Transcribe nothing except the lines below that run from the one with "Other stories kashmirtröja" to the one with "Sunrise: Merapi Jeep Jomblang Cave", ends included, and do not copy any picture.

◆ **Given data**:
━━━━━━━━

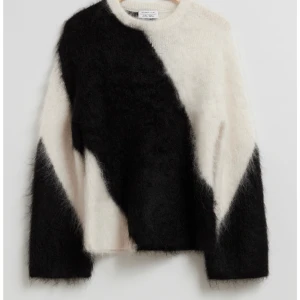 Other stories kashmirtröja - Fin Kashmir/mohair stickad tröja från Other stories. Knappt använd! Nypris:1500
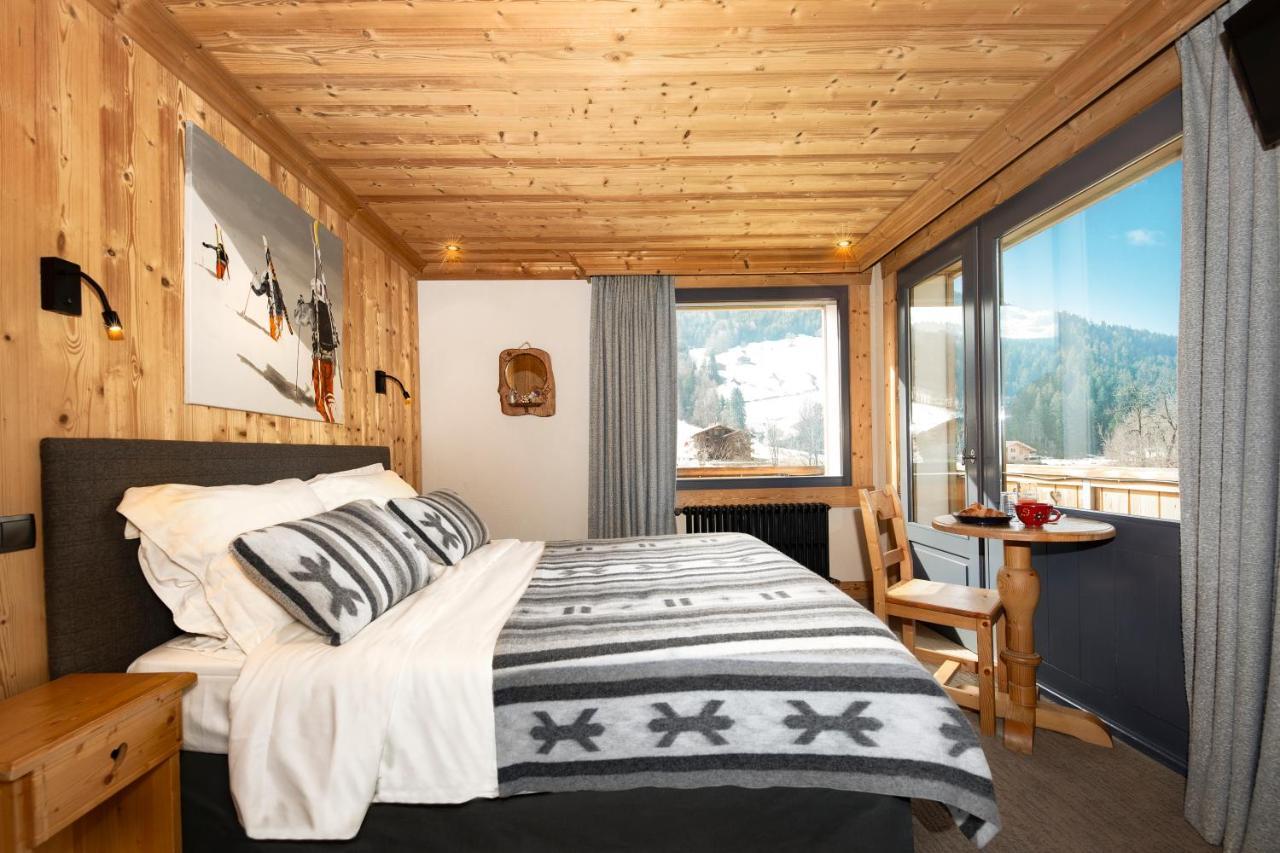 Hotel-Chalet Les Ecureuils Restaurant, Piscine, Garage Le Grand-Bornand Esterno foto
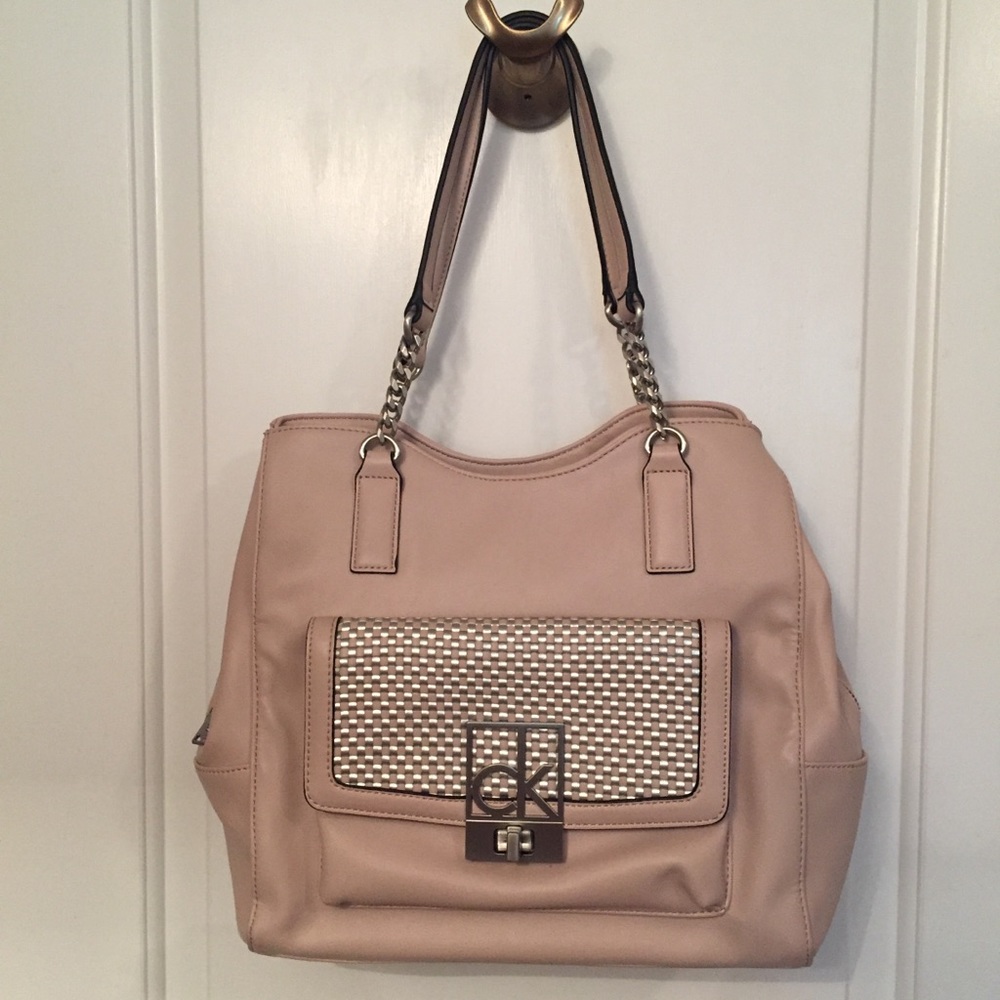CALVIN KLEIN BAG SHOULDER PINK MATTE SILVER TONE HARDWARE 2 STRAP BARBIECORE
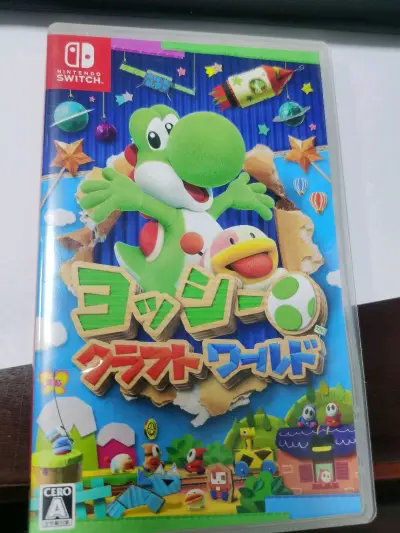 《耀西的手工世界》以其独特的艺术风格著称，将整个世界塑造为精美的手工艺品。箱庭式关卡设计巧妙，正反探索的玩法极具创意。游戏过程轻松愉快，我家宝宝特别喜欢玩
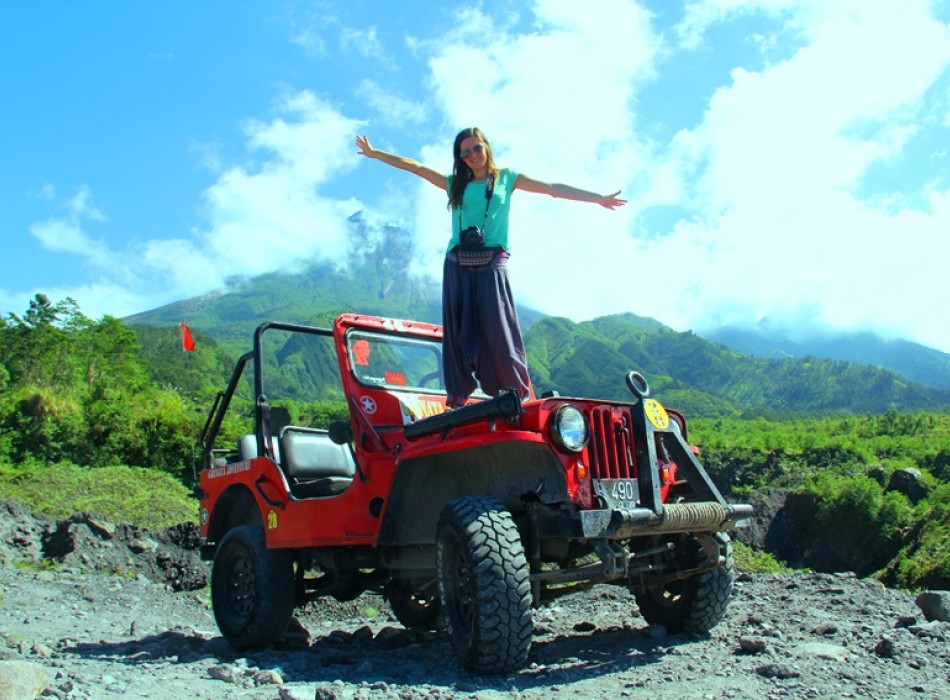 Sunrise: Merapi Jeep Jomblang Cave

━━━━━━━━

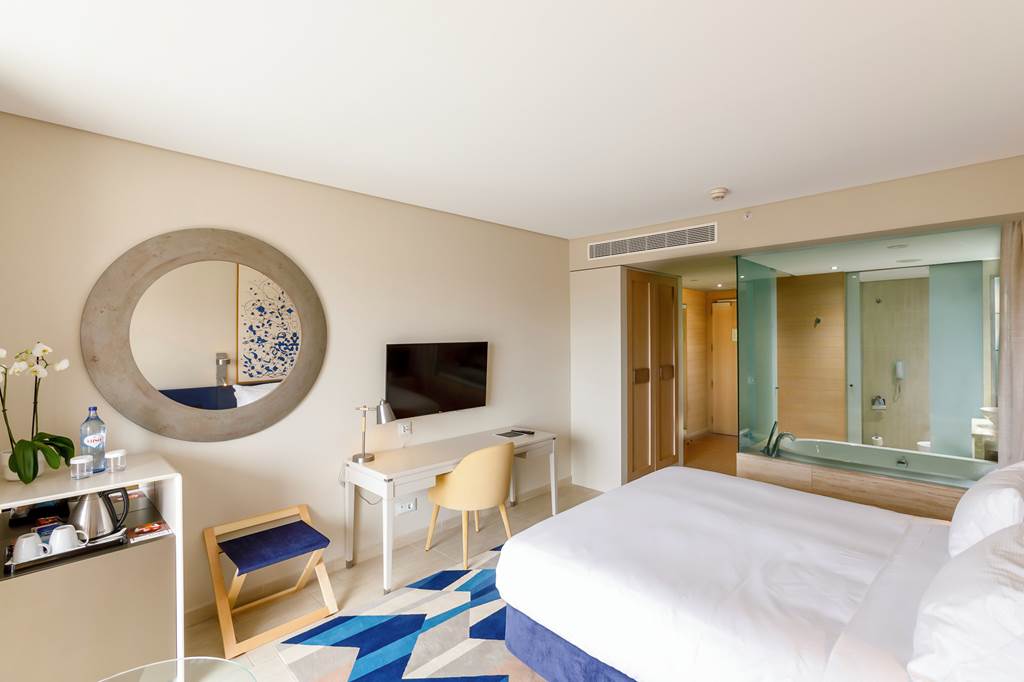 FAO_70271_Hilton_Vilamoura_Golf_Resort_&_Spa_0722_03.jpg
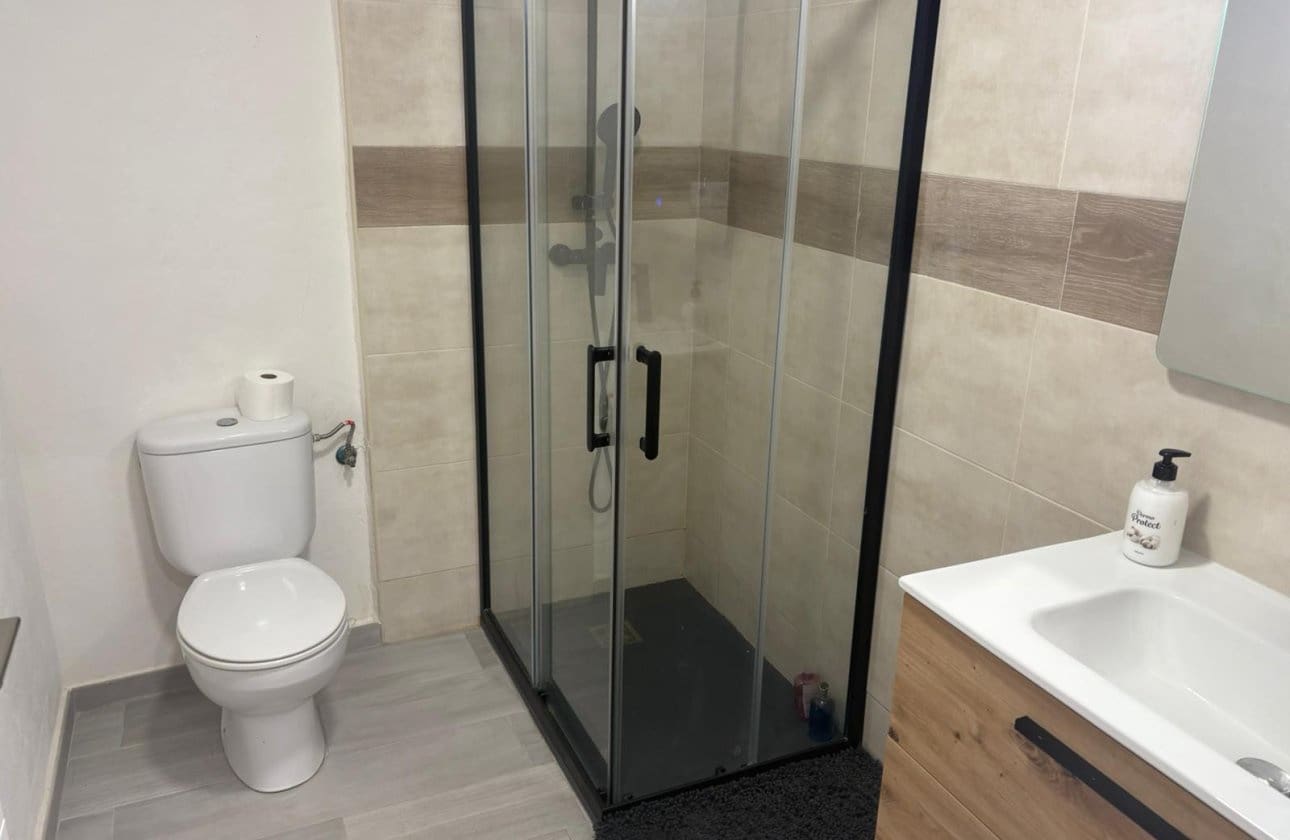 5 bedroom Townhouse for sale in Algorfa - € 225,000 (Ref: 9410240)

━━━━━━━━

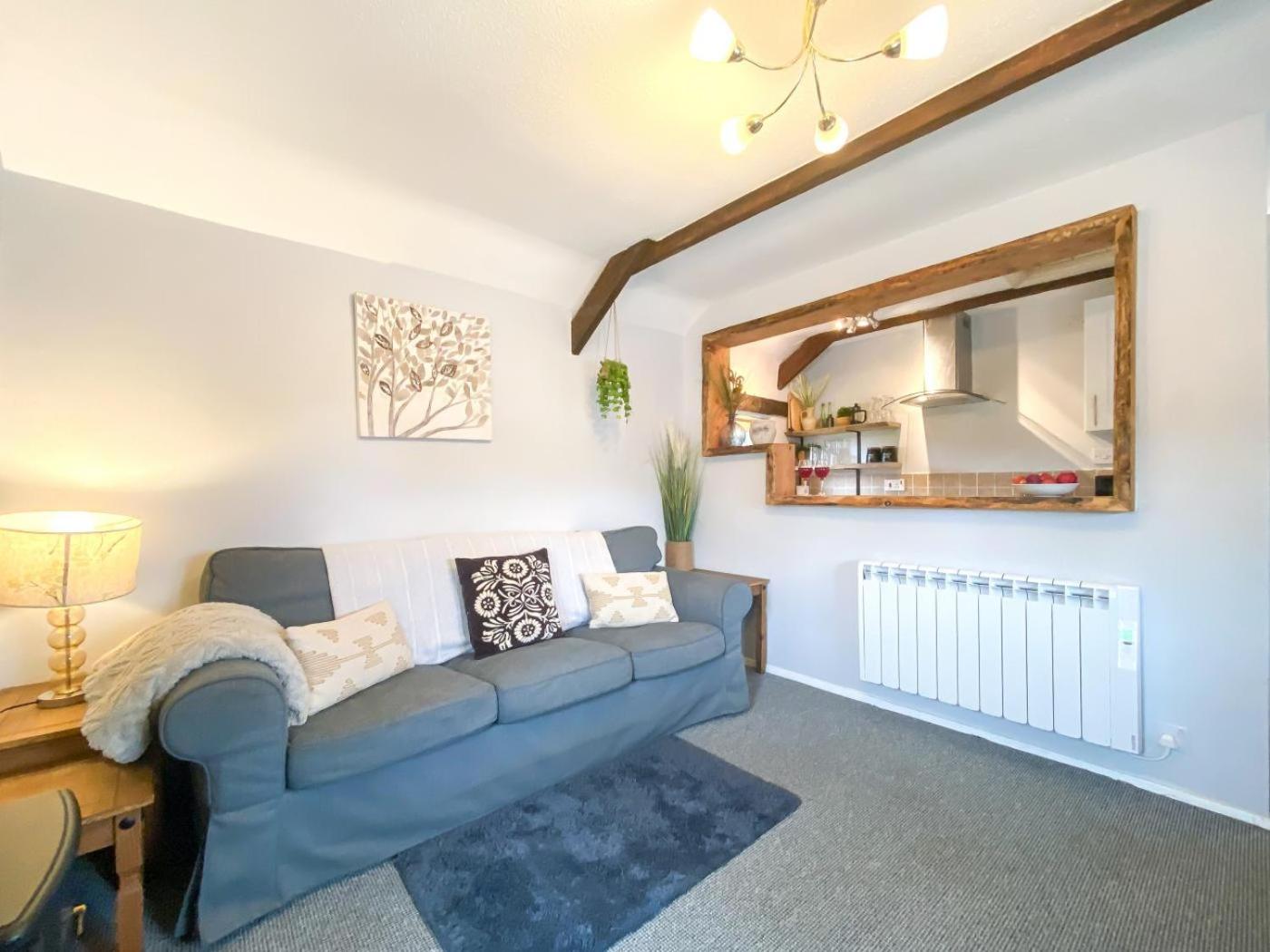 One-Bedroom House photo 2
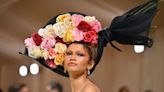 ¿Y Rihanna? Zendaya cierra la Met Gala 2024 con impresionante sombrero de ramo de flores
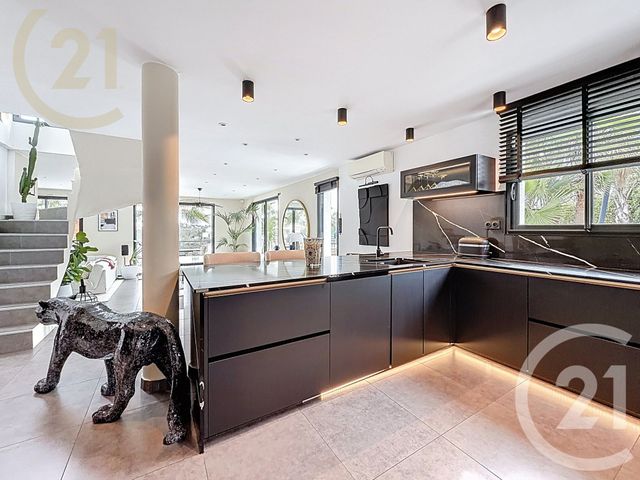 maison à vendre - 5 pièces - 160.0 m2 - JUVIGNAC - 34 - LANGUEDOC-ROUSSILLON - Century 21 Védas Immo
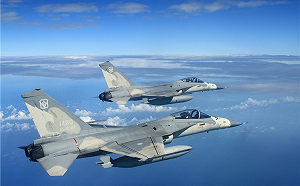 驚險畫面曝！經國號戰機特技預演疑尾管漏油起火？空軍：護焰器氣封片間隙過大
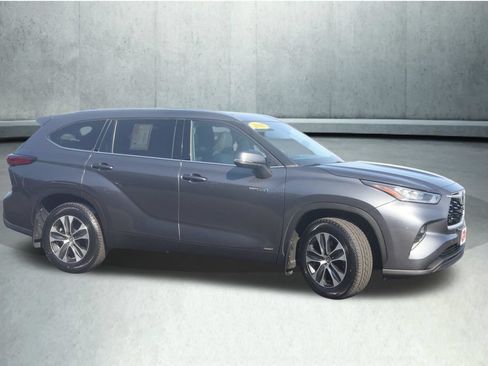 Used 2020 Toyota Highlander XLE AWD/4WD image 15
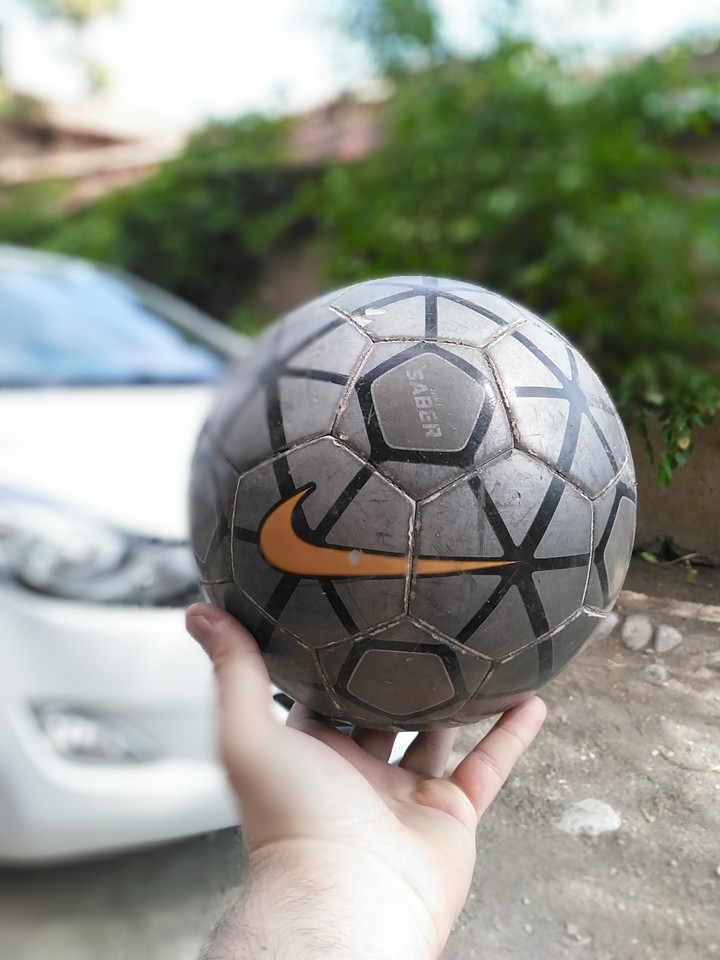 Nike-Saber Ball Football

━━━━━━━━

◆ **Task answer**:
 Other stories kashmirtröja - Fin Kashmir/mohair stickad tröja från Other stories. Knappt använd! Nypris:1500
 Hotel-Chalet Les Ecureuils Restaurant, Piscine, Garage Le Grand-Bornand Esterno foto
CALVIN KLEIN BAG SHOULDER PINK MATTE SILVER TONE HARDWARE 2 STRAP BARBIECORE
 《耀西的手工世界》以其独特的艺术风格著称，将整个世界塑造为精美的手工艺品。箱庭式关卡设计巧妙，正反探索的玩法极具创意。游戏过程轻松愉快，我家宝宝特别喜欢玩
 Sunrise: Merapi Jeep Jomblang Cave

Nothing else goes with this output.